Page 274 of Bishop


Font Size:

22

Pia

After the Warehouse, in Someone Else’s Silence

The safe house doesn’t feel safe.It feels like a throat someone stopped singing in.

The apartment is a corpse of a place—one narrow kitchen above a closed bakery, dust welded into the corners, cracked tiles like chipped teeth. A single bulb over the sink flickers sickly yellow, stuttering shadows across flaking paint. There’s an old table jammed against the wall and exactly two chairs that don’t match. Someone left a rosary on the scarred wood years ago.

Santino brought me here.Romeo drove.

No music. No talking.

Just the city bleeding past the windows in streaks of neon and oil-slick rain while the war I walked out of throbbed behind my eyes like a second heartbeat.
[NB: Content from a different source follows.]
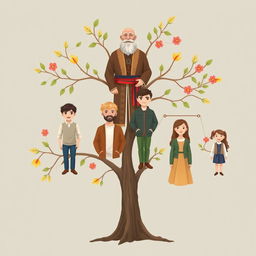 A family tree illustration for the Sudakov family consisting of six members: a grandfather who is a Cossack, three sons, and two daughters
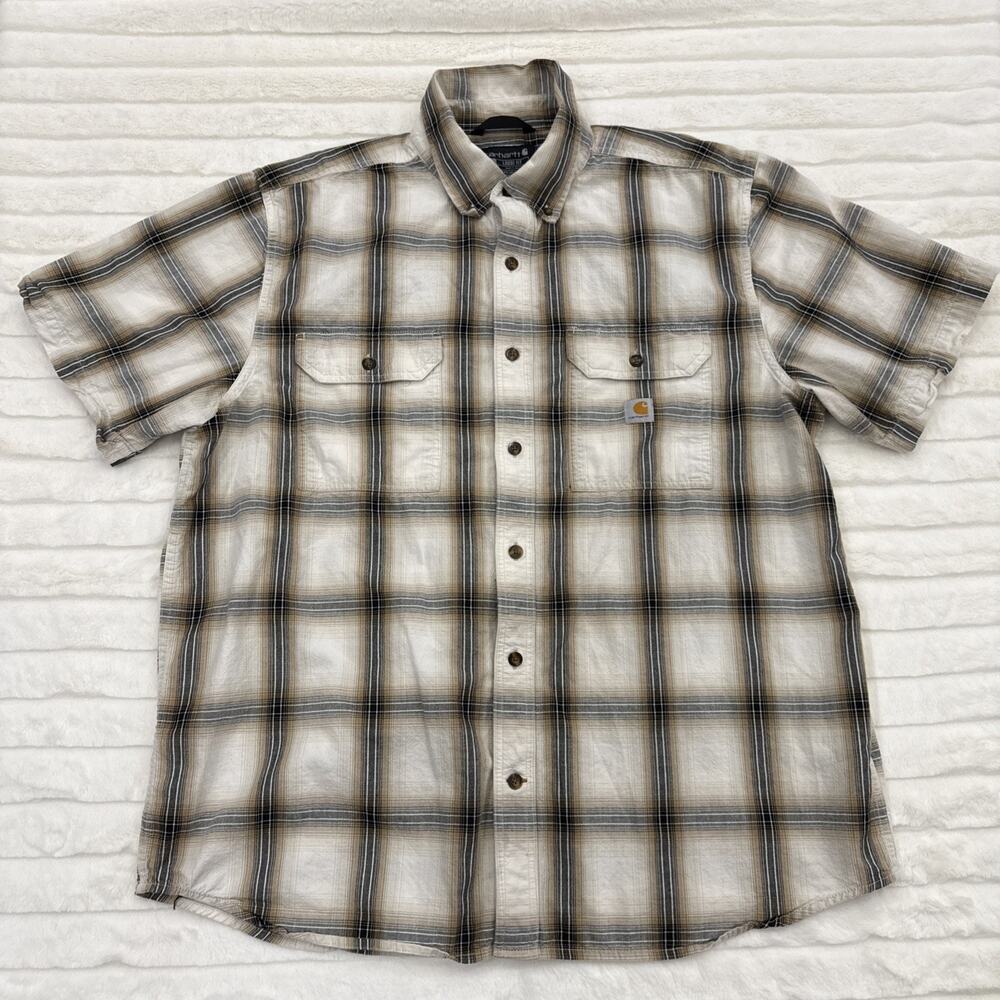 Carhartt Shirt Men's Extra Large Loose Fit Gray Brown Plaid Button Down Workwear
Romeo’s gone now—“to make calls,” which in his mouth can mean anything from lining up surgeons to lining up funerals. The door slammed ten minutes ago and took the last scrap of outside noise with it.

Now it’s just us and what didn’t die with the bodies.
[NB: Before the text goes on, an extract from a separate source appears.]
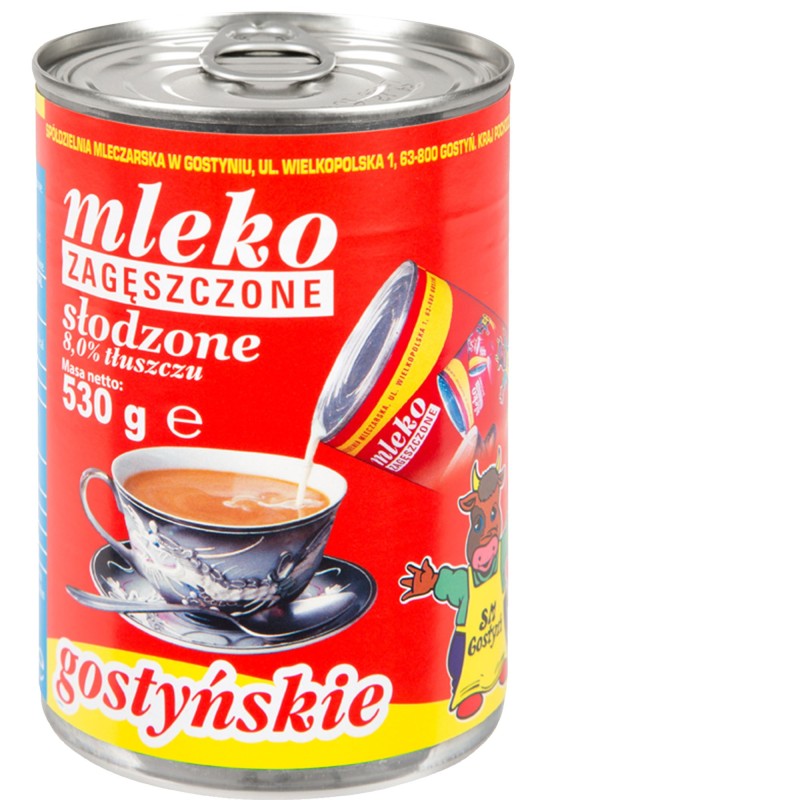 GOSTYŃ MLEKO ZAGĘSZCZONE SŁODZONE 530G puszka x1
Santino leans against the counter with his arms folded, his body tight and closed off like a chest that doesn’t give up its valuables. There’s dried blood at the corner of his jaw. His sleeve is stiff with it. He watches me the way men watch an unexploded bomb—careful, calculating, unblinking.

I hover by the table, not sitting, not moving, my fingers resting on the rosary. The beads are cool, gritty with age and dust. It feels wrong to touch them. Like I’m trespassing on a grave.

My throat tightens.

I told myself I would leave him to protect him.

Then he walked into hell and dragged me out by the throat.

There’s nowhere left to run from the truth.

My lungs finally remember how to work. Breath scratches in and out of me, loud in the unnatural quiet. Every nerve is still buzzing, like the warehouse carved its name into my skin and didn’t bother to apologize on the way out.

Santino doesn’t move.

He just… waits.

That’s worse than shouting. Worse than Carlo’s voice in my ear. A man yelling wants something. A man waiting already has it.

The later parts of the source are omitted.